Os trabalhadores cipriotas trabalham mais horas do que a média europeia, com uma média de 38,5 horas por semana, segundo dados da Eurostat, o gabinete de estatísticas da UE. Em 2023, os cipriotas superaram a média da UE de 36,1 horas semanais no seu emprego principal.

Variações Significativas na UE

Existem variações significativas em todo o bloco. Na UE, a Grécia, a Roménia, a Polónia e a Bulgária têm o horário de trabalho mais elevado, enquanto os Países Baixos, a Áustria e a Alemanha têm o horário mais baixo. Especificamente, a Grécia lidera com 39,8 horas semanais, seguida pela Roménia (39,5), Polónia (39,3) e Bulgária (39,0). Em contraste, os Países Baixos registaram apenas 32,2 horas, a Áustria 33,6 e a Alemanha 34,0.

Setores de Atividade

Ao analisar os setores de atividade na UE, a agricultura, silvicultura e pesca lideram com uma média de 41,5 horas semanais. Seguem-se as indústrias extrativas (39,1) e a construção (38,9). Por outro lado, os trabalhadores domésticos registaram o menor número de horas (26,7), seguidos pela educação (31,9) e pelas artes, entretenimento e recreação (33,0).

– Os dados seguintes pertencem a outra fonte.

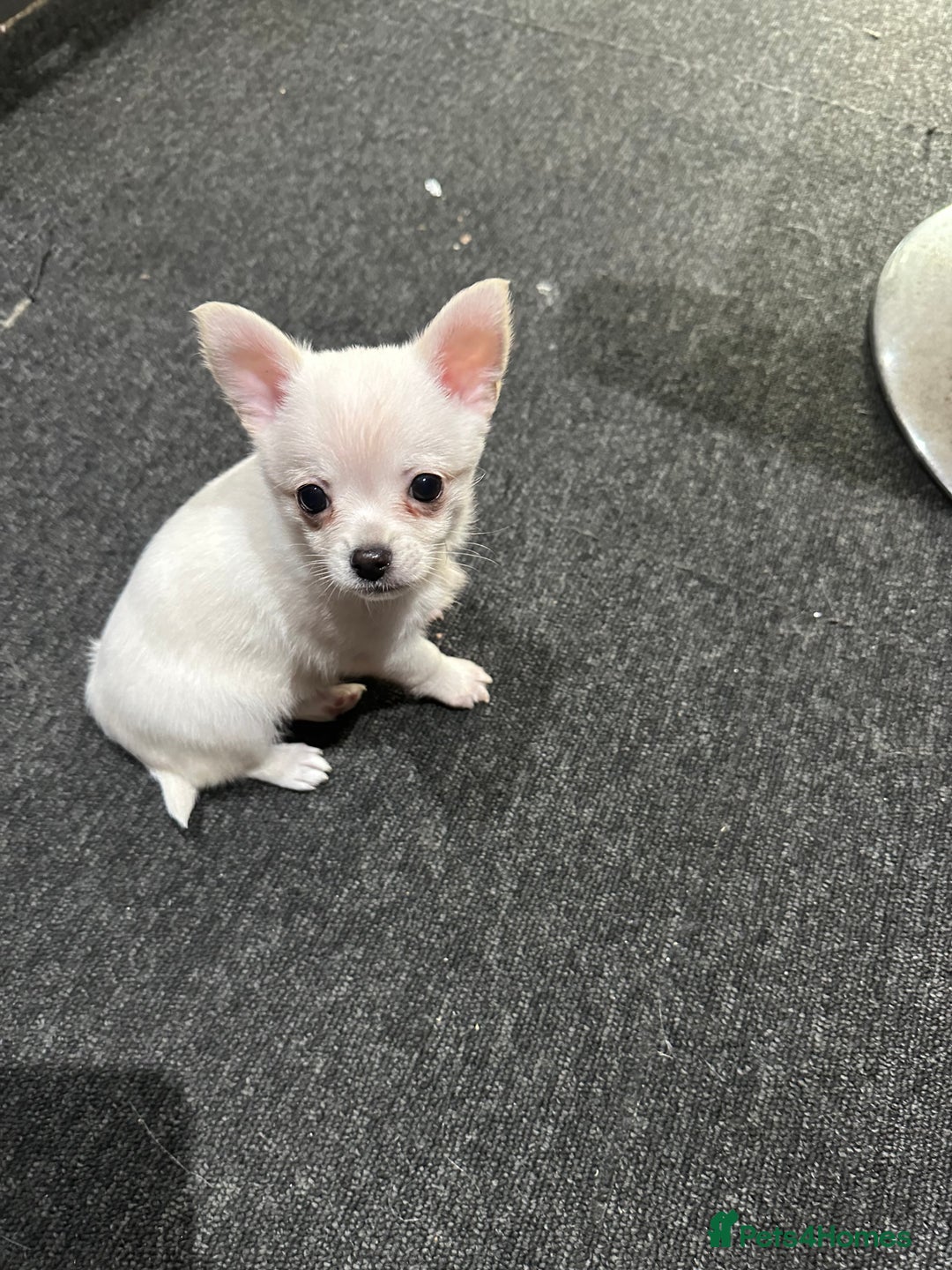 Pomchi dogs for sale: Tiny Pomchi - Image 6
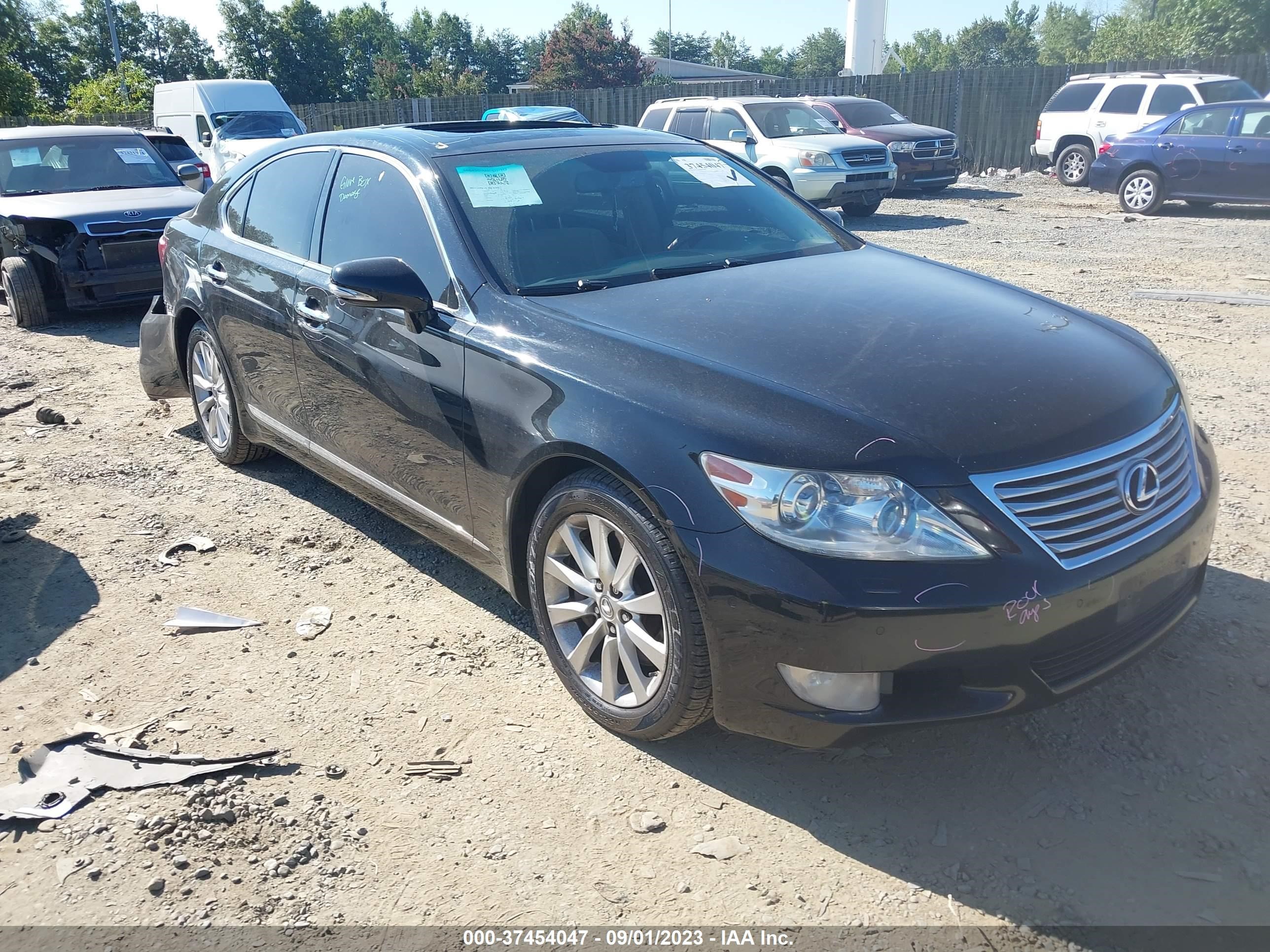 Photo 0 VIN: JTHCL5EF6B5010146 - LEXUS LS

Em Chipre, estas tendências refletem-se em certa medida. A agricultura, silvicultura e pesca lideram com 45,7 horas semanais. Surpreendentemente, os trabalhadores domésticos seguem com 44,1 horas e as indústrias extrativas com 44,0 horas. O setor da hospitalidade e serviços alimentares também registou um número elevado de horas em Chipre (42,9 contra 36,9 na UE).

Os setores que registaram menos horas de trabalho em Chipre foram a educação (33,8), outros serviços (36,1) e organizações e organismos extraterritoriais (37,3).

Os trabalhadores cipriotas trabalham mais horas do que a média europeia, com uma média de 38,5 horas por semana

Os trabalhadores cipriotas trabalham mais horas do que a média europeia, com uma média de 38,5 horas por semana?

Sim, os trabalhadores cipriotas destacam-se por sua dedicação, com uma média de 38,5 horas semanais, superando a média europeia. Este compromisso reflete-se na produtividade e resiliência da força de trabalho do Chipre, contribuindo significativamente para a economia local.